To actually achieve stateful processing, i.e. storing information about the progress and status of a tuple, you have two options left: Storm’s new Stateful API or Trident. Trident offers you many great features, but is another layer atop of Storm you will need to manage and understand. See this article from the documentation for further reference.
Storm’s stateful API is pretty new and relies on a KeyValueStore and a persistence layer of your choice (currently, that would boil down to redis). If your worker crashes, Storm can than go ahead, read from said store and re-process the tuples.
All of these mechanisms require you to put quite a lot of thought into your design. If you compare this with the way SparkStreaming3 handles this – by supplying a checkpoint directory on HDFS – you quickly notice why one might be sceptical about Storm’s way of doing things.
Now, here’s the deal with Heron – while it aims to improve many things “under the hood” compared to Storm (architecture, performance, monitoring, debugging …), it still is fully compatible to Apache Storm (see Part 1 of this series). While arguably this is a huge benefit for corporations using Storm right now, it does not actually impact the development model too much – in other words, resilience will be still a topic you have to think about yourself. Now, if I’m the one who missed a killer feature that Heron introduced for this, let me know!

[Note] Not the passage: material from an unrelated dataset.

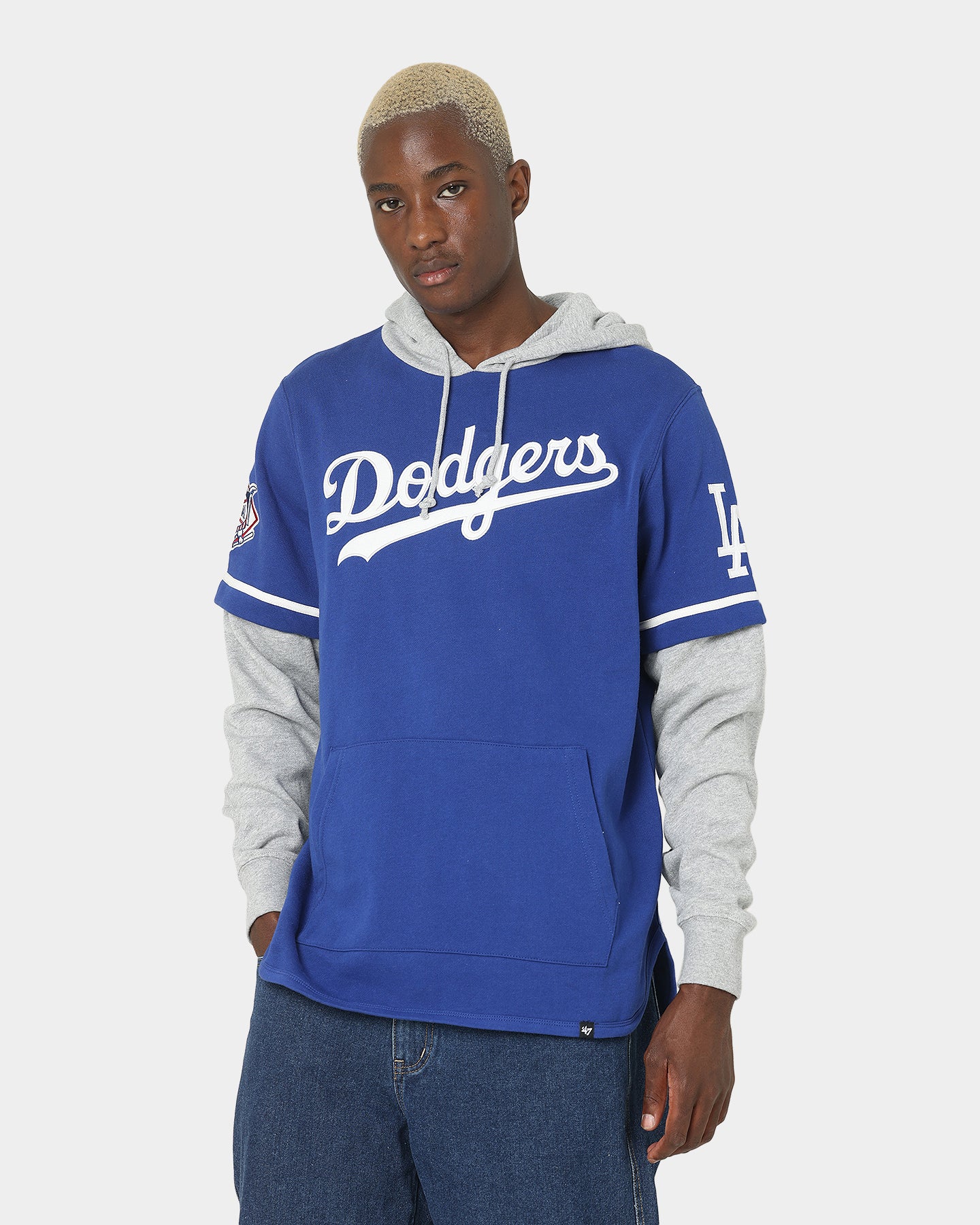47 Brand Los Angeles Dodgers Shortstop Hoodie Royal Blue - Official MLB Baseball Fan Apparel for Men & Women - Perfect for Game Day, Casual Wear & Sports Events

So, what can we take away from this as developers? First of all, we need to acknowledge (no pun intended) that Heron is built for using Storm code – with all its up- and downsides. While the basic programming model of Storm is fairly simple, it quickly gets complicated when we need to throw catchphrases like “states”, “WAL” or “exactly once” into the discussion.
However: Just executing the existing code renders many benefits. We get better performance even in extremely simplified setups, we utilize our machine’s resources much better than Storm ever could (saving $$ in the process!) and potentially save ourselves several headaches when it comes to crashing JVMs and other fun-failures you encounter on any Big Data Cluster.
In the next part, the benefits will get even more obvious – when we take a detailed look how you can actually operate, monitor and eventually debug a Storm vs. Heron cluster in production environments.
- Not entirely true per se – you can look into things like the isolation scheduler, but that is basically working around a core issue in the software’s design.
- Storm on Yarn is possible, for instance via Hortonwork’s Big Data distribution, albeit not out of the box.
- I don’t see SparkStreaming as a “holy grail” of frameworks. Yes, it receives more updates, yes, it seems more mature in many ways, but it is far from being an alternative for Storm/Heron/Flink/Samza for any case. But this would require me to rant in another article.